La voce al telefono sull’utenza della polizia postale di Foggia, non aveva voluto dare il suo nome. Ma era sicuro di quel che diceva quando raccontava all’ispettore di essersi imbattuto, durante i suoi viaggi sul web, in numerose cartelle dal contenuto pedopornografico, a disposizione degli utenti su un certo indirizzo.
Null’altro, ma tanto era bastato all’agente specializzato per aprire la Babele di uno spaccato inquietante nel quale bambini di ogni età, anche minori di un anno, venivano violentati e fotografati. Nasce così, il 15 settembre 2020, la nuova indagine della polizia postale, “Revelatum”, per il contrasto della pedopornografia online, conclusasi ieri con l’esecuzione di 67 decreti di perquisizione su tutto il territorio nazionale, l’arresto di 8 persone (tra cui un uomo foggiano) e la denuncia di altre 59 per detenzione, cessione e divulgazione di materiale pedopornografico.
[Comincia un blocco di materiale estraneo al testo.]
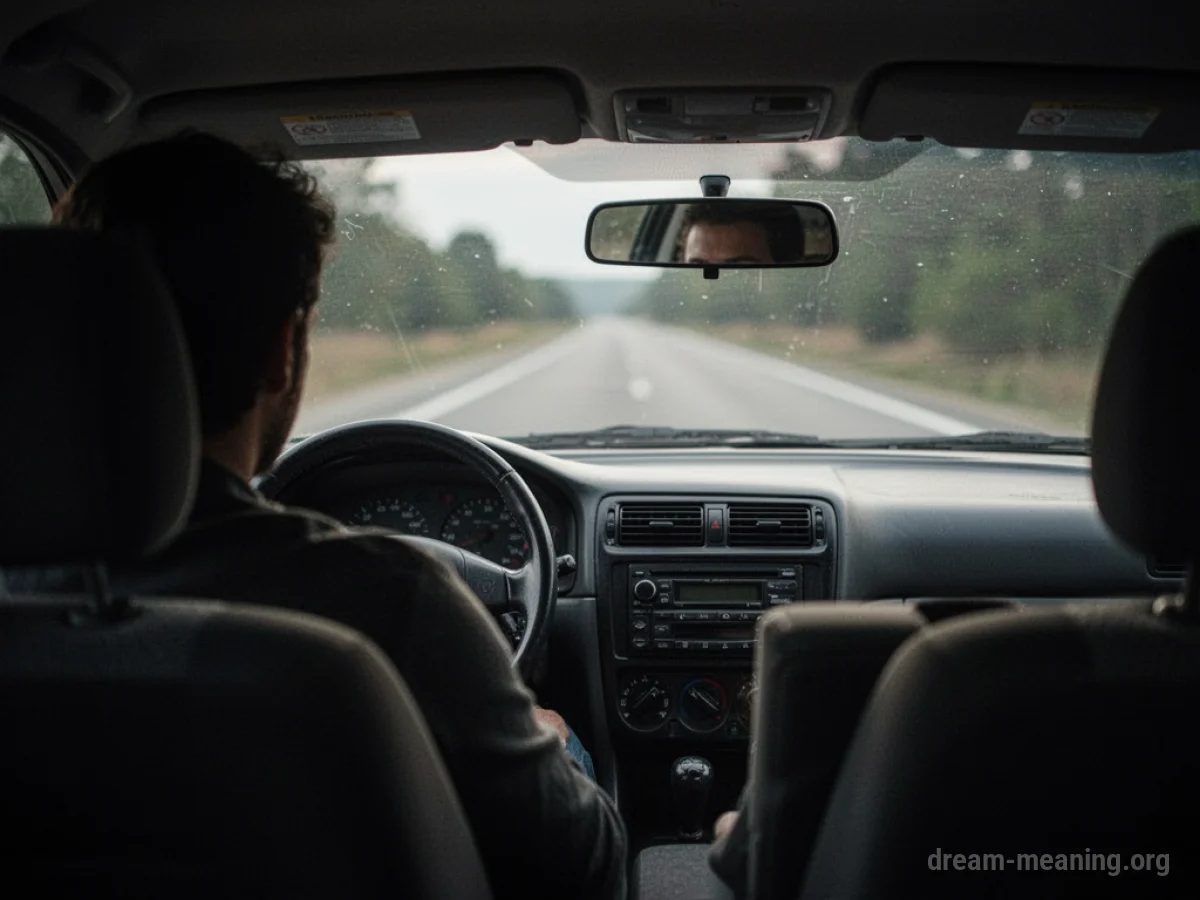 View from a car passenger seat looking towards the driver's silhouette.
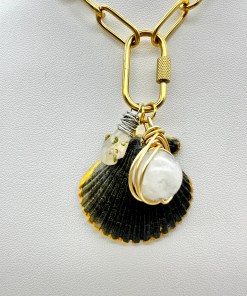 Alternative view of Gold and Black Scallop Charm Necklace Set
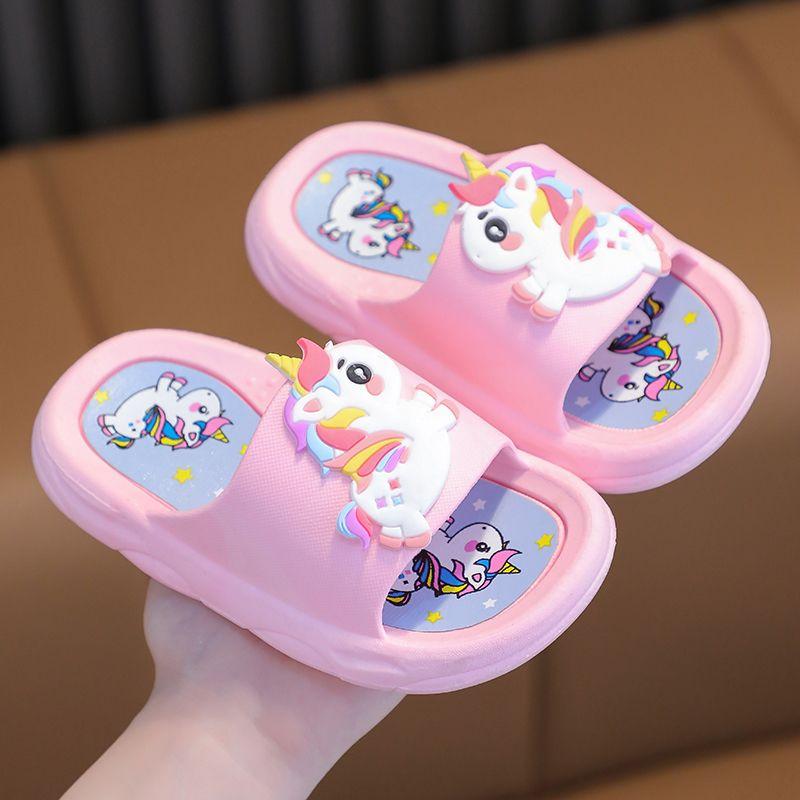 Einhorn Kinder Hausschuhe Mädchen Sommer Sandalen Hausschuhe Home Indoor Anti-Rutsch Super Soft Bad süße Hausschuhe 32-33 rosa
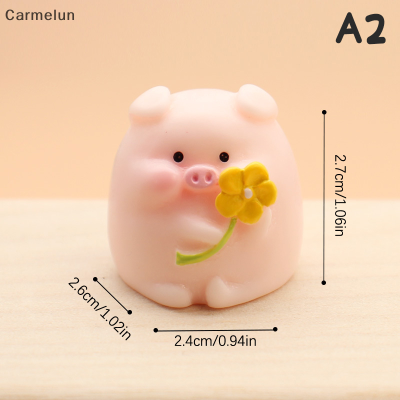 Carmelun โมเดลสัตว์ตุ๊กตาหมูน่ารักขนาดเล็ก,อุปกรณ์ประดับตกแต่งภูตประจำสวนขนาดเล็กไมโครตกแต่งบ้านภูมิทัศน์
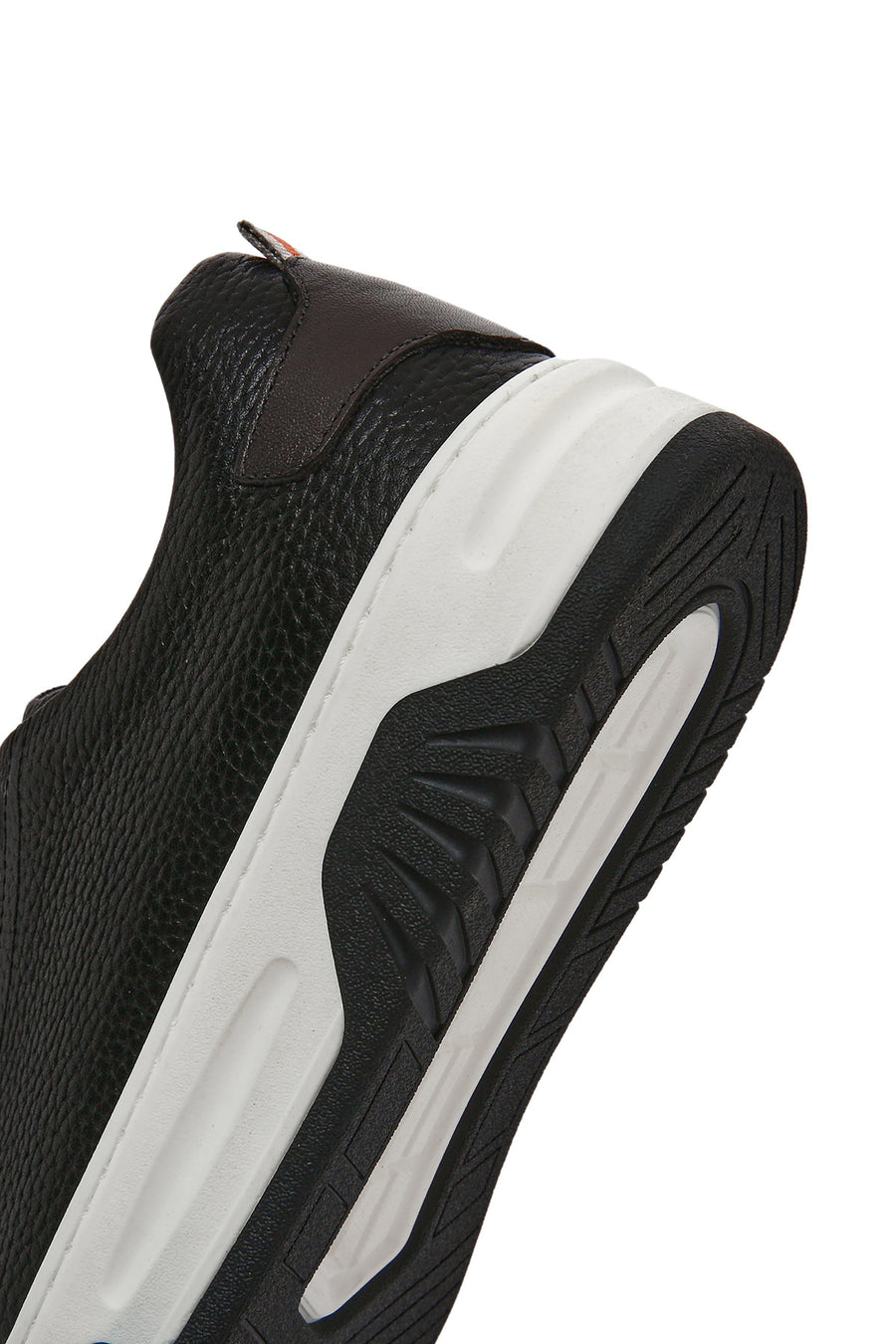 Men's Black Lace-up Thick-Sole Leather Sneaker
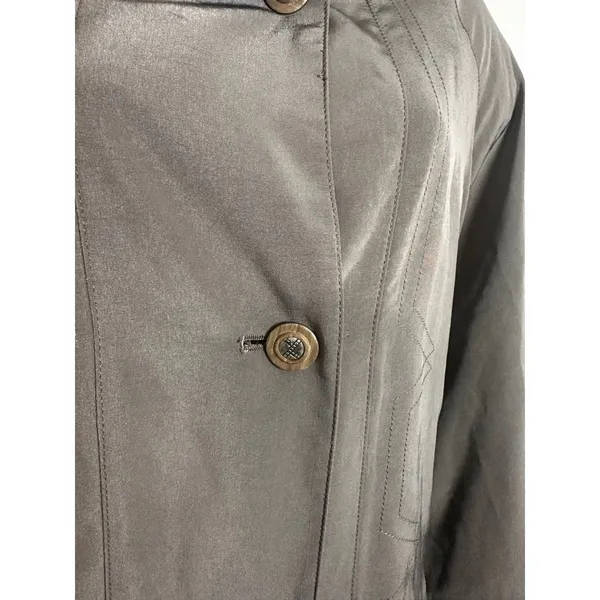 Luba Paris Vintage Taupe Brown‎ Maxi Duster Trench Coat Button Front Romania - Image 2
L’indagine, curata dalla Postale di Foggia e Bari con il coordinamento del Servizio Polizia Postale e delle Comunicazioni – C.n.c.p.o. (Centro Nazionale di Contrasto alla Pedopornografia Online), e quello delle pm baresi Carla Spagnuolo e Daniela Chimienti, ha squarciato il velo su un traffico di immagini e video suddivise in categorie, il cui nome faceva già rabbrividire. Sul sito, riconducibile a un dominio neozelandese, gli agenti hanno trovato una cartella chiamata “Porno”, della dimensione di 45 giga, in cui erano state inserite 19 sottocartelle, denominate anche in italiano, con terminologie riferibili al genere di file contenuti. Si andava da “10-14”, relativa all’età dei protagonisti dei video, al “Telegram video”, riferiti a porno e pedoporno autoprodotto, fino al “Napoli Revoworld”, cartella nella quale era contenuto un mondo di immagini porno e pedoporno anche in questo caso autoprodotte. I successivi accertamenti degli investigatori hanno portato alla scoperta di video aventi come inconsapevoli protagonisti bambini di età inferiore ai dieci anni, alcuni dei quali di uno.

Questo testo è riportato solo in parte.